All right, so enough of large partitions.
Let’s now switch to a different data type
which, guys, mostly everyone gets wrong.
Collections: so,
let me go back to our documentation and
our documentation says that
collections are meant for storing, then normalizing
a relatively small amount of data.
Yet we see people struggling with it
far more often than we would like.
Collections are stored in a single cell which can make
serialization/deserialization extremely expensive.
When you make use of collections, you can define
whether the field in question is frozen or non-frozen.
A frozen collection can only be written as a whole.
You cannot append or remove elements from it.
A non-frozen collection, on the other hand,
can be appended too.
And that’s exactly the type of collection that most people
always get wrong.
I’m sorry.
To make things worse, you can even have what we call
nested collections, such as a map
which contains another map and this one may include a list.
As a result, collections are
an extremely useful data type, but
when used incorrectly, they will introduce performance
problems much sooner than large partitions.
Okay.
The answer to the question of “How
large collection can be?” is actually not much.
For example, if we create a simple key value table,
as demonstrated in this slide where our key is a sensor ID
and our value is a collection of samples recorded over time,
as soon as we start ingesting data,
our performance is going to be suboptimal.
The following monitoring snapshot is
exactly what happens when you try to append
several items to a collection all at once.
We can see that
as we have a peak in
the throughput, the left
hand side, right after the peak
our throughput starts to decrease.
And similarly, as our throughput is decreasing
our latency is essentially
increasing to terrible numbers, and we even get to a point
where our P99 write latency gets up to
above one second, which is just terrible, especially
if you’re using a database, such ScyllaDB
which is oriented for performance and low latency.
Cinthia asked: “Do these reads apply to databases
beyond ScyllaDB?” Yes, if you try to implement,
append several elements to a collection in Cassandra,
you will run under the very same situation.
Okay,
moving on.
But okay, let’s make a pause
over here and ask “How come a performance
oriented database like ScyllaDB gets
a P99
in the unit of seconds?” Well, one of the things that I did is
I asked one of our ScyllaDB engineers
about what.
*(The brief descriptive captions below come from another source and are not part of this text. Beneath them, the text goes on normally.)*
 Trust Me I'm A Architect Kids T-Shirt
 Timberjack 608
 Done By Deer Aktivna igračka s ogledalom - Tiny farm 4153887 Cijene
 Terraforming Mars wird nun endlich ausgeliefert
I was seeing in the monitoring.
And this is the explanation that he gave us: in ScyllaDB
collection cells are stored in memory are sorted vectors.
When you append an element to a collection,
the act of appending requires
merging two collections:
the old collection, which was using memory
and the new one which you are just appending.
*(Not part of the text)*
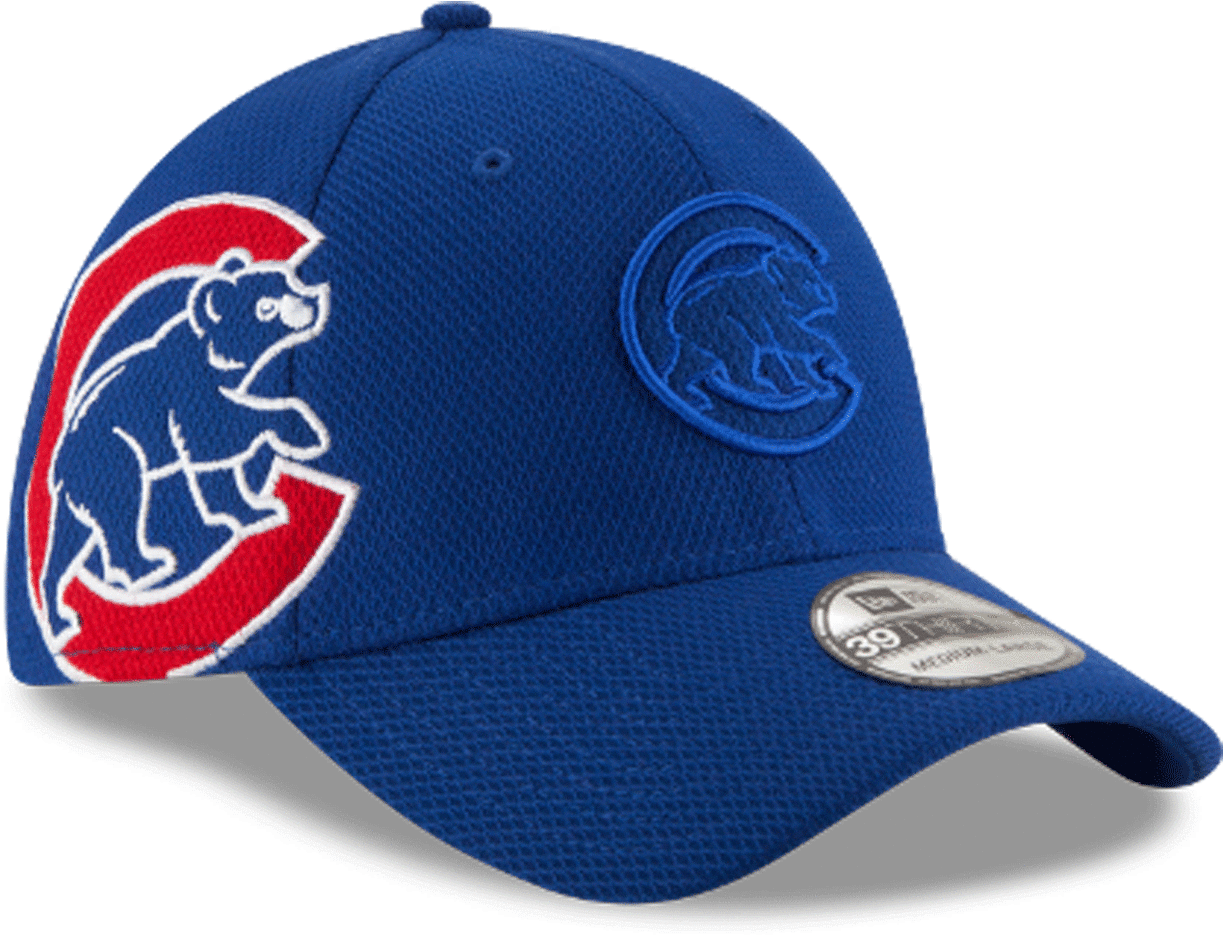 Chicago Cubs Logo Twist 39thirty Flex Hat By New Era - Cubs New Era Spring Training Hat (1280x963), Png Download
This means that when you append an element,
it has a cost which is proportional
to the size of the entire collection.
Which is why in your collection
you should always keep your collections small.
However,
he also mentioned that if collections were implemented
on top of trees, instead of vectors
it would improve the performance of that particular operation.
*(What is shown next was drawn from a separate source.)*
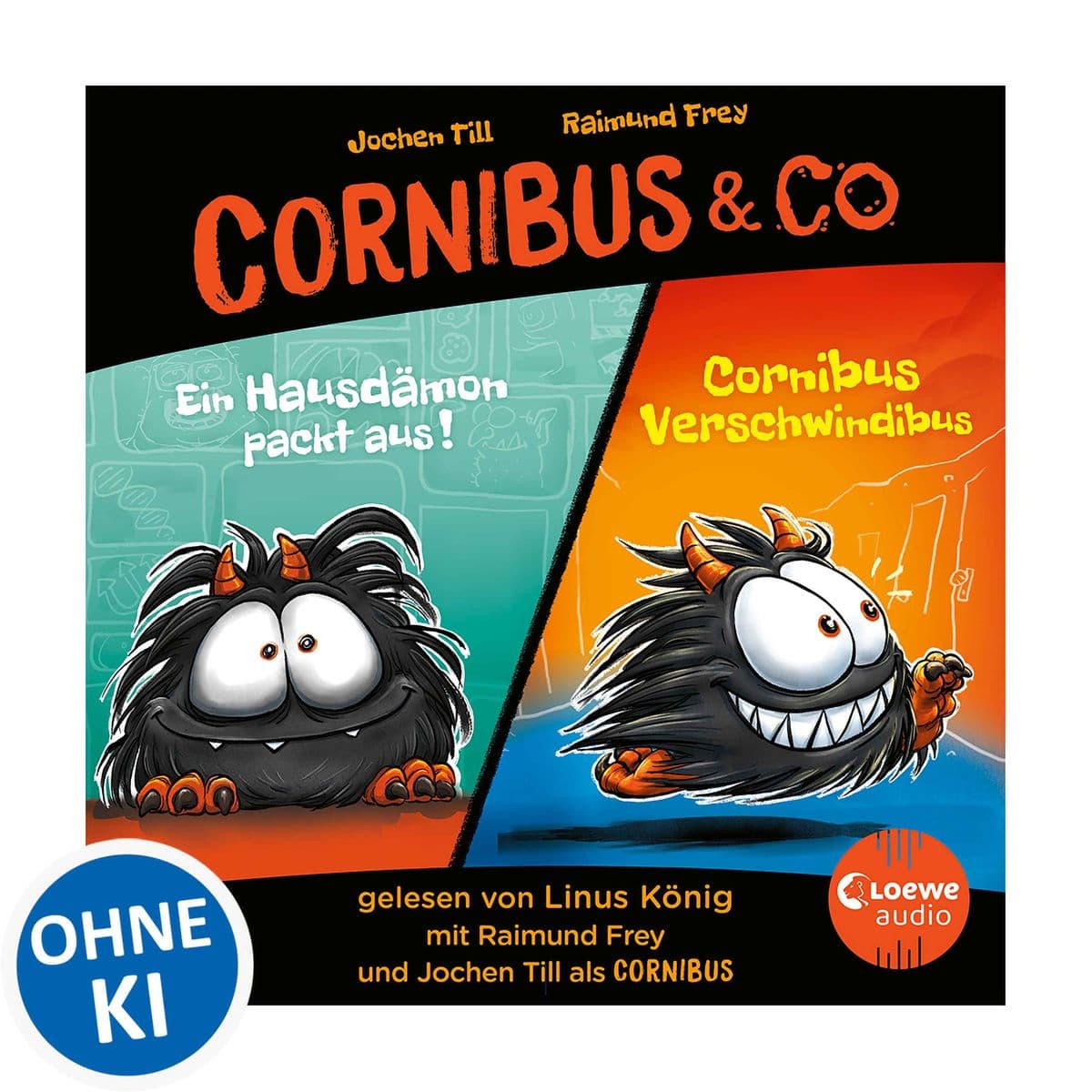 Luzifer junior präsentiert: Cornibus & Co. - Hörspiele zu Band 1+2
But, tress won’t make small collections less efficient.
So essentially
it’s not an easy engineering problem.
So in general, ensure that you keep collections
small, as small as possible.
Okay.
All right.
If we consider that previous suboptimal data modeling
in the schema that we have,. I have demonstrated
a few slides ago
the solution to it would be
to move the timestamp component as a clustering key,
as we are seeing here, and transforming your map
into a frozen collection
as by doing this simple change to the timestamp,
we no longer need to append the data to the collection.
With this very simple change
we are greatly improved the performance of the use.
Kevin asked: “What ScyllaDB recommended as max
partition size?”. Very good question, Kevin.
I somehow answered, just for you to understand
there are theoretical limits.
We do not impose any limits.
We ask you to be cautious of
large partitions.
You have to be very cautious.
And as I explained in some slides back
a large partition will highly depend on your use case,
in your latency expectations and so on.
Okay. But in general.
And yeah, that’s what it would depend on.